Where is the argument for having a battery and an accumulator?
Books

Sumner Slichter's The American Economy: Its Problems and Prospects, reveals him to be the last bull. He believes that, in America's "laboristic society," wages are in the driving seat and will keep prices up. Business cycle depressions can be fought with deficits, public works, unemployment insurance funds, tax reforms, and other measures if needed. Instead of worrying about the business cycle, Americans should focus on increasing their imports.

Walter Bagehot, Physics and Politics. John Kenneth Galbraith really likes this book, which is why he reviews a reissue eighty years after its first, Victorian(!) publication. By an editor of The Economist, no less, so he is in no danger of being forgotten. Isn't there a single living author worth a Fortune review who isn't a lizard?

A review of Individualism and Economic Order tells us about the kinds of books that lizards would write, if they knew someone at the University of Chicago press.  And by telling you that F. A. Hayek is a lizard, I've done a better job of reviewing this "book" than Fortune. (It's a collection of his after-dinner speeches.)

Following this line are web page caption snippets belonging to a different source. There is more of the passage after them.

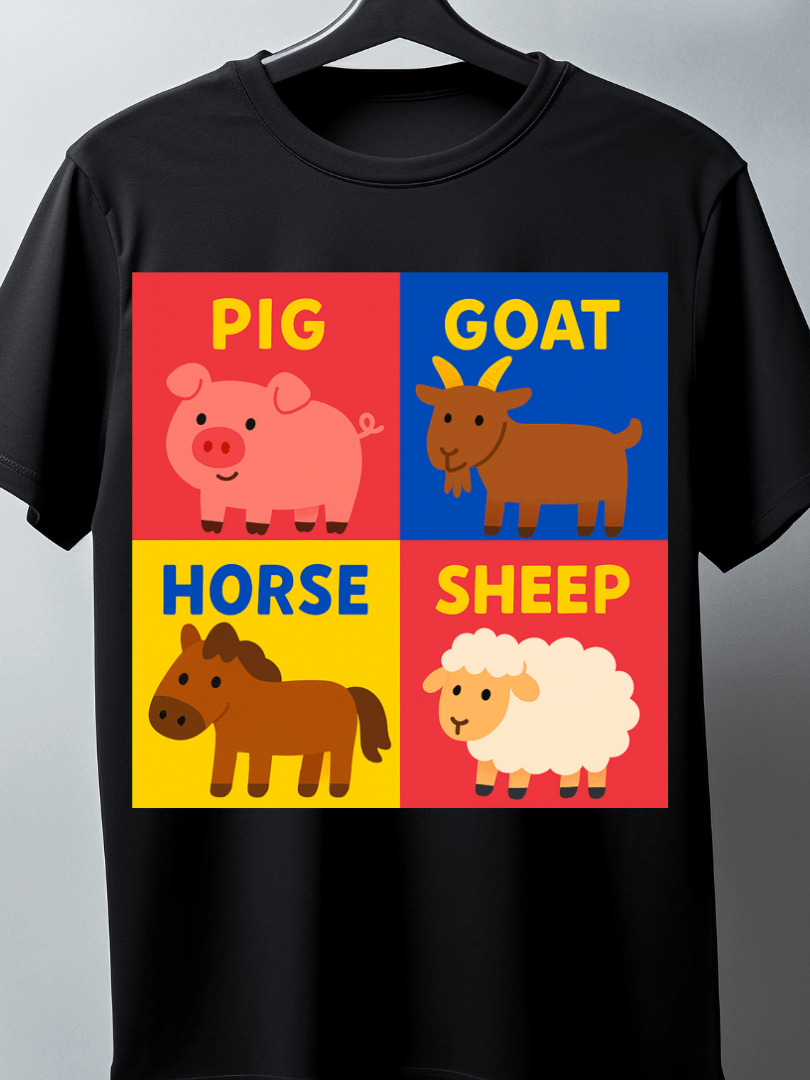 Animal Kingdom Colorblock Heavyweight Tee product image (2)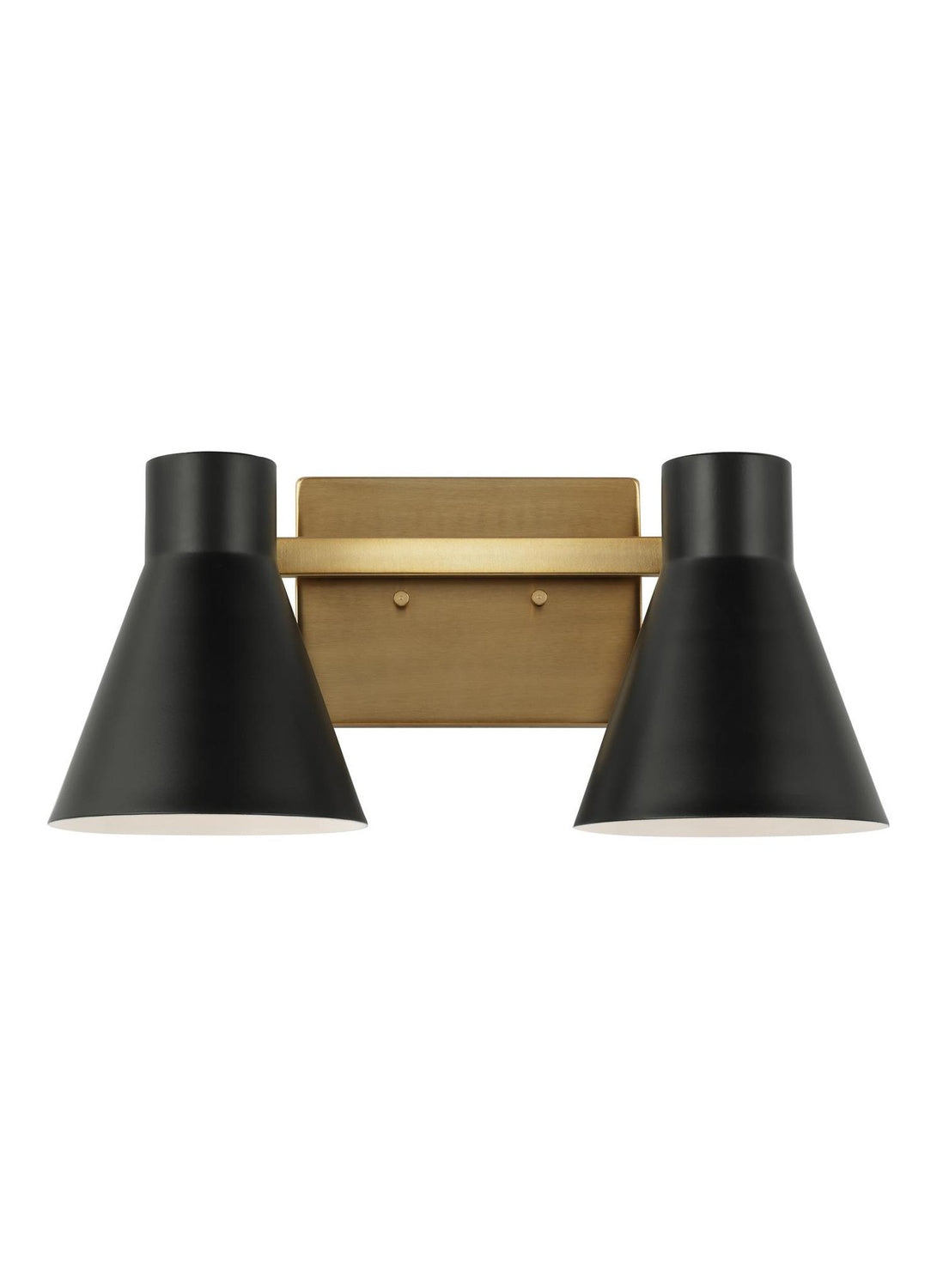 GENERATION LIGHTING, TOWNER TWO LIGHT WALL / BATH, BATH VANITY LIGHT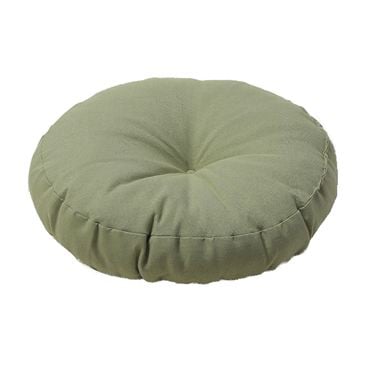 Đệm Ngồi Dạng Tròn 45X8Cm Xanh Lá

A short review of the National Industrial Conference Board's Executive Compensation in Thirty-Nine Industries establishes that American business management is a bargain, as it is so under-paid it can barely afford its subscription to Fortune. B. J. Kidd's Women Never Go Broke explains that women always want to work, because they can meet men at work. 
The dust jacket is pink, because of course it is.